O velho problema e espécie de herança maldita do governo Flavio Dino, volta a colocar em perigo milhares de vidas e patrimônios de empresários, na utilização dos ferrys boats que fazem o transporte diários de pessoas, coletivos e veículos pesados de cargas entre a Ponta da Espera, em São Luís e o Cujupe. na Baixada Maranhense. O problema explodiu ontem na Assembleia Legislativa do Estado e a Comissão de Obras e Serviços Públicos do parlamento estadual endereçou à presidência do legislativo estadual um pedido de convite ao presidente da Emap, Gilberto Lins para falar aos parlamentares sobre a realidade dos ferrys boats que operam atualmente na prestação de serviços sob a responsabilidade da Empresa Maranhense de Administração Portuária e os riscos iminentes de mais acidentes.

                  O negócio à época contratado pelo governo Flavio Dino, foi bastante vergonhoso e mobilizou instituições de todos os poderes constituídos do Maranhão, mas mesmo assim se manteve o contrato e as embarcações sucateadas, tendo inclusive uma delas de nome José Humberto, que foi denunciada como sendo uma balsa improvisada com ferry boat, que levou um bom período, sendo submetida as mais diversas improvisações no Porto do Itaqui. Depois de todos os arranjos, a embarcação entrou em operação e de imediato surgiram vários problemas e ela por inúmeras vezes ela teve que ser retirada de operação, diante da intervenção das autoridades, mas pela persistência a balsa improvisada com ferry boat, continua oferecendo riscos a milhares de passageiros, que se locomovem entre a capital e a baixada.

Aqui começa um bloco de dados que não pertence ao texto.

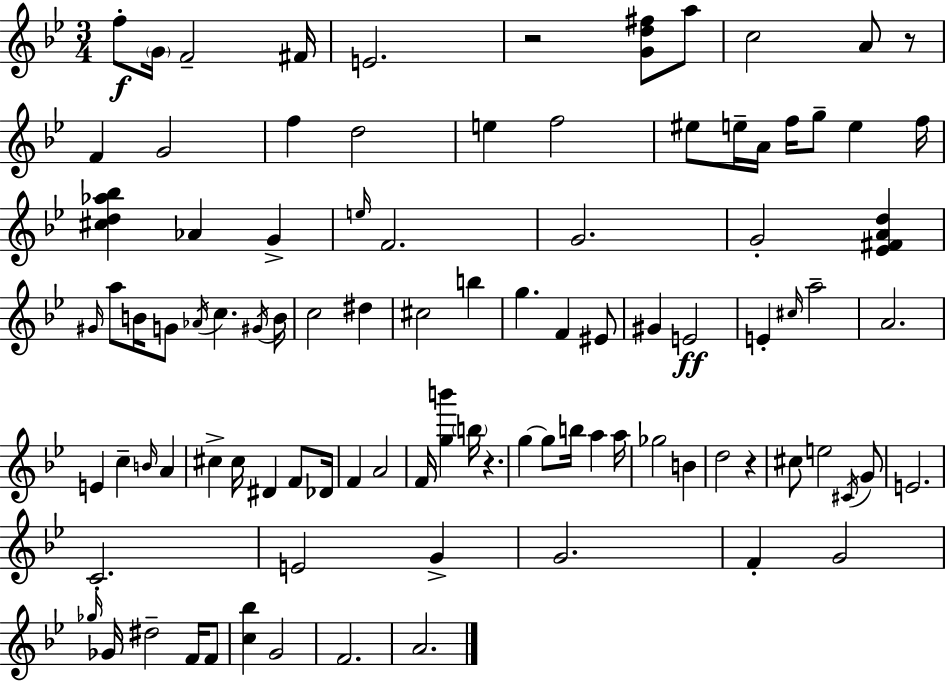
F5/e G4/s F4/h F#4/s E4/h. R/h [G4,D5,F#5]/e A5/e C5/h A4/e R/e F4/q G4/h F5/q D5/h E5/q F5/h EIS5/e E5/s A4/s F5/s G5/e E5/q F5/s [C#5,D5,Ab5,Bb5]/q Ab4/q G4/q E5/s F4/h. G4/h. G4/h [Eb4,F#4,A4,D5]/q G#4/s A5/e B4/s G4/e Ab4/s C5/q. G#4/s B4/s C5/h D#5/q C#5/h B5/q G5/q. F4/q EIS4/e G#4/q E4/h E4/q C#5/s A5/h A4/h. E4/q C5/q B4/s A4/q C#5/q C#5/s D#4/q F4/e Db4/s F4/q A4/h F4/s [G5,B6]/q B5/s R/q. G5/q G5/e B5/s A5/q A5/s Gb5/h B4/q D5/h R/q C#5/e E5/h C#4/s G4/e E4/h. C4/h. E4/h G4/q G4/h. F4/q G4/h Gb5/s Gb4/s D#5/h F4/s F4/e [C5,Bb5]/q G4/h F4/h. A4/h.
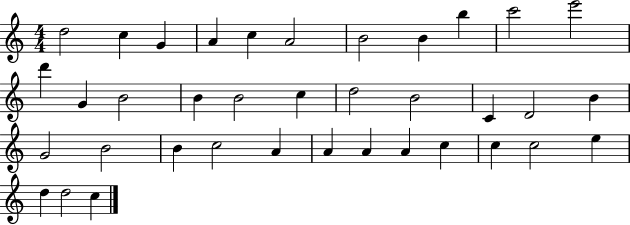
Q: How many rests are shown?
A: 0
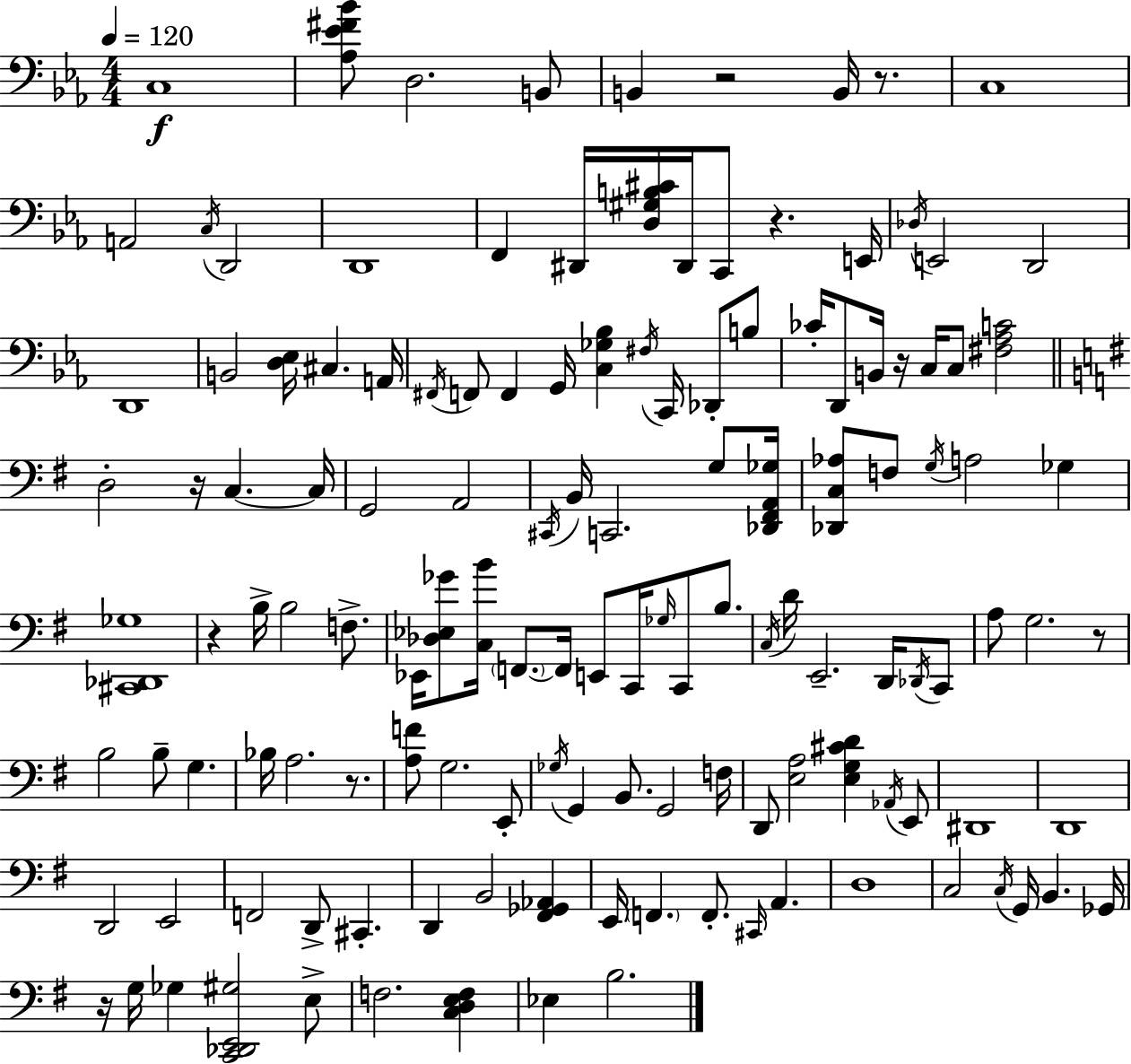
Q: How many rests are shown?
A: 9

                   Há poucos dias a embarcação chegou a ficar à deriva e precisou ser rebocada para a Ponta da Espera, causando pânico aos passageiros. A mobilização da Assembleia Legislativa do Estado é bem procedente e emergencial, temendo que acidentes de maiores proporções venham a ser registrados, uma vez que milhares de vida estão sob ameaça todos os dias. A verdade é que medidas urgentes precisam ser adotadas, antes que fatos lamentáveis e de sérias proporções venham a ser registrados com serviços de improvisos.